There is an almost ubiquitous misconception about what mathematics really is, and it’s a misconception that genuinely beckons a correction. I would take a guess that if the average person was asked “What is mathematics?”, they would respond with something along the lines of “well, it’s a bunch of rules that help you find certain numbers”. While this may have been a correct answer long ago, it is far from correct today.
Fortunately, what it actually is can be summarized very succinctly. Mathematics is simply the process of making assumptions and proving what follows. Hence, we all do math on a daily basis—either when talking to one another, or when thinking to oneself: “given what I know, I think that…”. This is math.
This is also why math courses through calculus are terrible—as they are absurdly misleading. Current curriculum is libelous to the discipline of mathematics and its participants, and action needs to be taken to address this.
At this point, high school language arts and composition courses may teach more math than actual math courses. Fundamental to mathematics is logic and its application in the context of sets. Logic was essentially nonexistent when I was in high school. Yet math and language arts classes implicitly assume that students have a solid understanding of it when they are asked to make arguments. Granted, as we are logical entities cognitively, we are trivially masters of logic. But in terms of conveying it communicably, improved training is necessary. I feel the overlooking of this necessity is a grave miscalculation that has hindered scientific thinking (an ability from which every citizen of the world can drastically benefit) for far longer than it should have. This needs to change.
As it is no surprise about the education in the US, science in particular has also been suffering.

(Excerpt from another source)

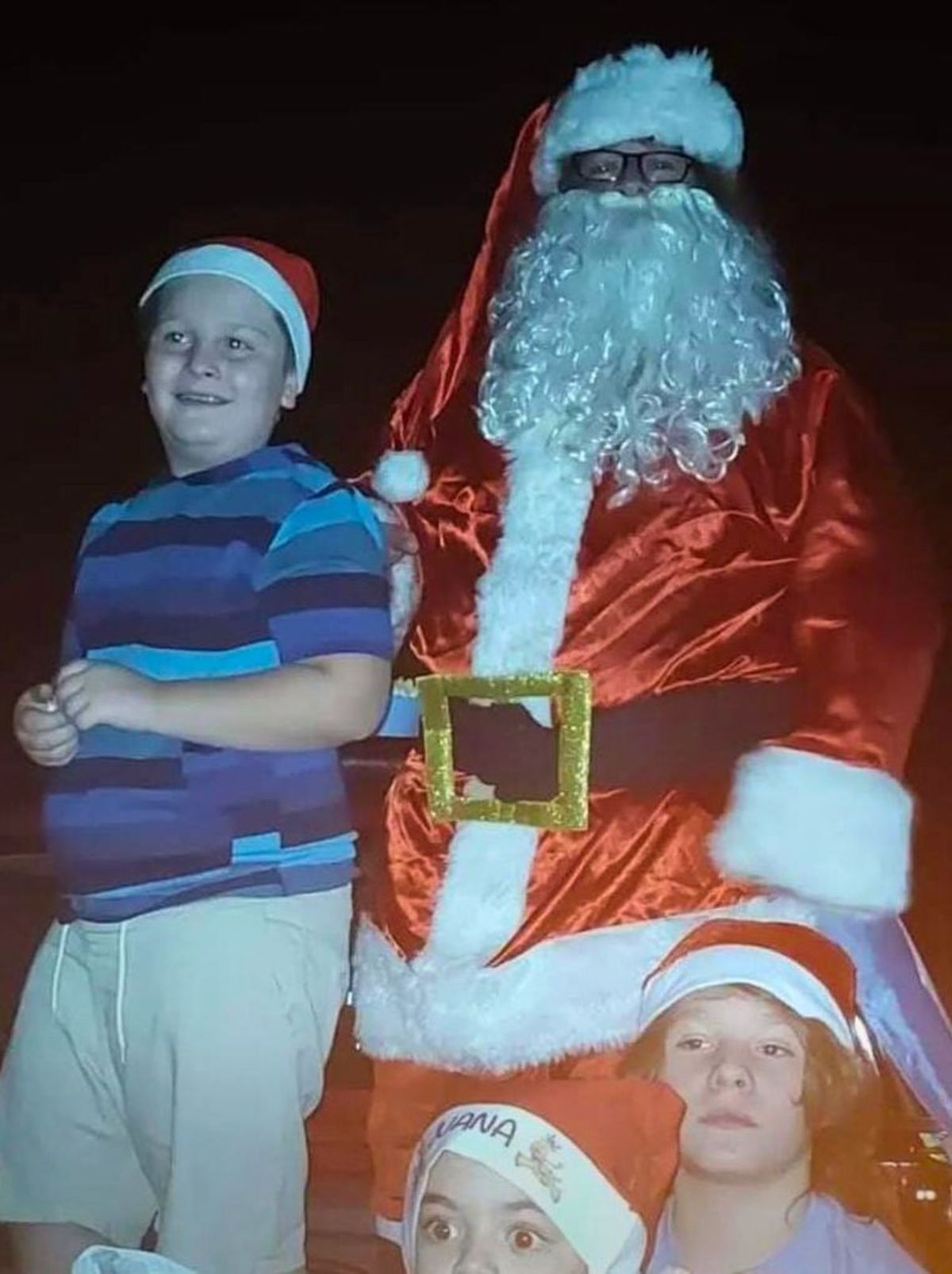 Adrián Basualdo por las calles de Rama Caída interpretando a Papá Noel. Adrián Basualdo por las calles de Rama Caída interpretando a Papá Noel.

Last week in the April meeting of the American Physics Society, a group of physicists made precisely this claim. The primary data used in the basis of their argument was the decline in degrees in science. This data is certainly consistent with the argument that the US is falling behind in science. There is no debate that good performance in science predicates the choice of a degree in science. That is to say, the decline in degrees in science is mostly a consequence of poor performance in science earlier–rather than the cause of it. So the natural question is: why are kids less interested in science?
The everyday life of a kid is governed by three structures: school, parents, and other media they encounter (including television, internet, and social structure). It follows that one should be able to attribute the decline in scientific interest to one or more of these structures. Suppose we assume two things: (1) that there is a problem at some generation with respect to science advocacy in some of these components, and (2) that the extent to which kids assimilate to the scientific understanding of their mentors (i.e. parents and teachers) is strictly less than complete (that is, in an abstract isolated teacher-student situation, the student can only learn a proper subset of the teacher’s knowledge). These two assumptions ensure a gradual decline in scientific understanding over the course of future generations.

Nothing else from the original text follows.